Développé par l’EPA (Environmental Protection Agency) dans les années 90 aux Etats-Unis, ce label dont l’application n’est pas obligatoire, garantit la possibilité d’une mise en veille des appareils électriques à une très faible puissance. Adopté par la Communauté européenne, Energy Star vise à faire baisser la consommation électrique mais n’avait subi que quelques remaniements mineurs avant de connaître en avril 2007 une refonte importante incluant les matériels d’impression. Une mise à jour dictée par le fait que près de 98 % des produits présents sur le marché satisfaisaient déjà à la norme en vigueur.

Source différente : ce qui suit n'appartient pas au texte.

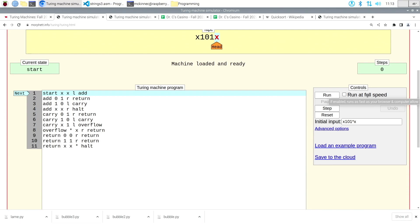A language is said to be Turing complete if any program written in that language can be implemented with a Turing machine. It suffices to show we can build all the primitive pieces of the language with individual Turing machines, because a program is just a combination of those pieces. For example, I'd need to show how to do a loop with a Turing machine, or incrementing and decrementing — adding or subtracting one. We already have the add case; we'll build the subtract case today. We'll also think about if-then-else constructions.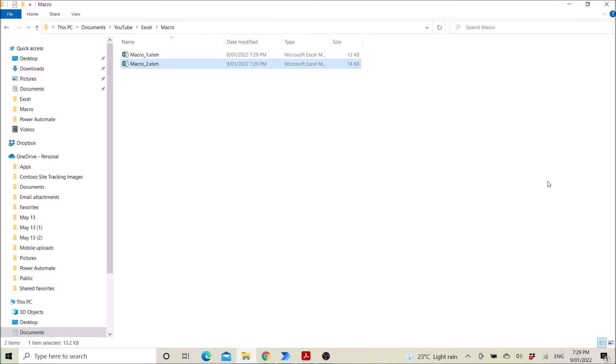Good day everyone. I'm making this video to show you how to automate the running of macros in different Excel files.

La nouvelle version d’Energy Star a été concoctée dans le but de ne permettre qu’à 25 % des matériels d’être en conformité, si bien que la grande majorité des constructeurs est aujourd’hui confrontée à un défi technologique. Parmi de nombreux critères détaillés sur le site du label, il y a, par exemple, l’obligation de disposer d’un dispositif recto verso dès lors que le périphérique dépasse une certaine cadence d’impression. Plus contraignant qu’Energy Star sur les valeurs de consommations énergétiques et les temps de préchauffage, le label Blue Angel prend aussi en compte les niveaux sonores et les émissions de CO2. Reste un fait que la plupart des constructeurs rappelle, l’impact de la fabrication de papier sur l’environnement est 10 fois plus important que celui de la consommation d’énergie d’une imprimante.